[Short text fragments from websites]

================================

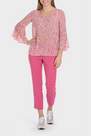 Punt Roma - Pink Wide Sleeved Blouse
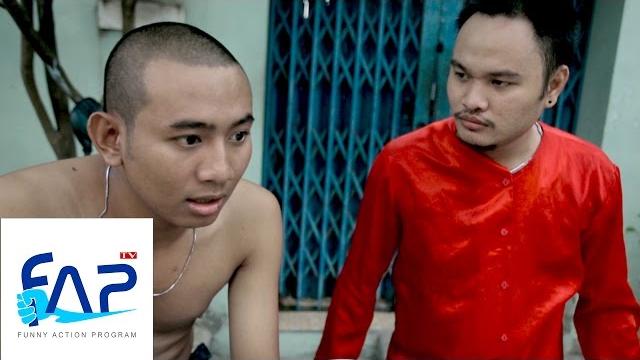 Vinh râu vs loa phát thanh - hậu trường faptv 14 Vinh râu vs loa phát thanh - hậu trường faptv 14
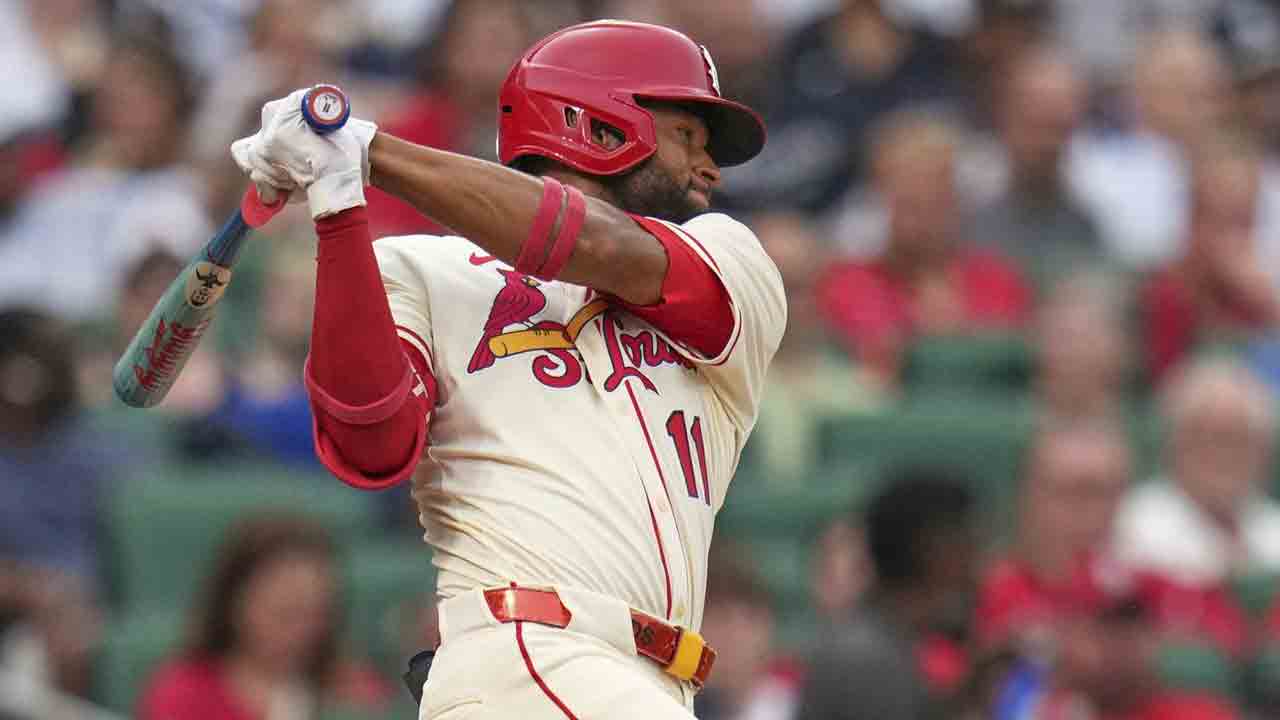 Cardinals Place Outfielder on the left side of 10 days on the left 10 day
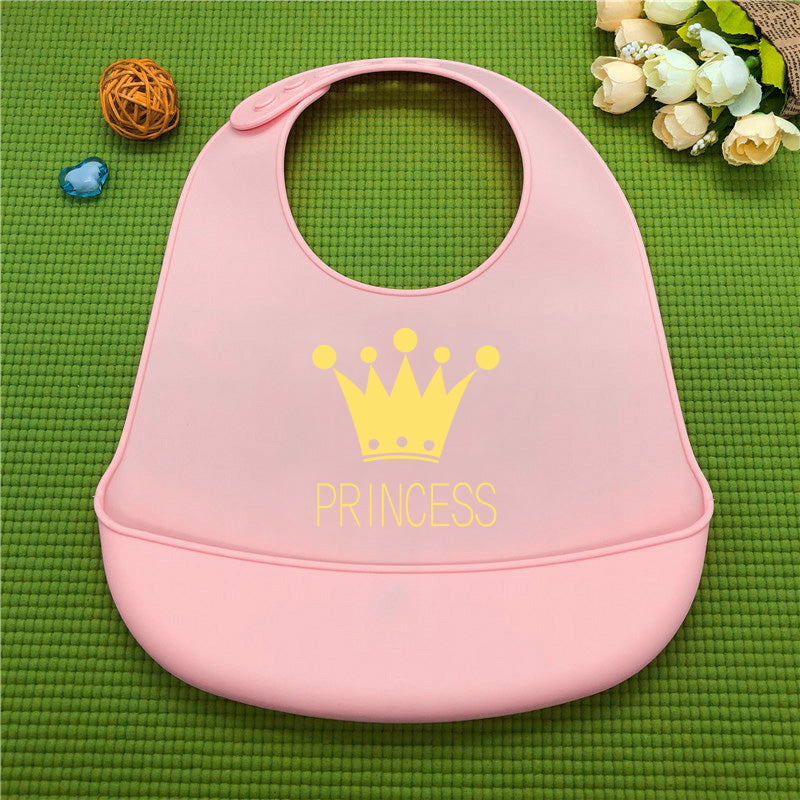 Baby Silicone Bib Three-dimensional Rice Bowl - Minihomy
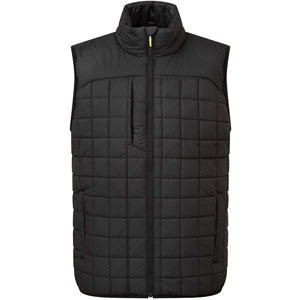 Portwest PW3 Square Baffle Bodywarmer - Black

================================

▸ **Brief**
An exact copy is needed of every line from the one holding "Baby Silicone Bib" to the end of the entries above, both ends kept and each picture dropped.

▸ **Result of the exercise**
 Baby Silicone Bib Three-dimensional Rice Bowl - Minihomy
 Portwest PW3 Square Baffle Bodywarmer - Black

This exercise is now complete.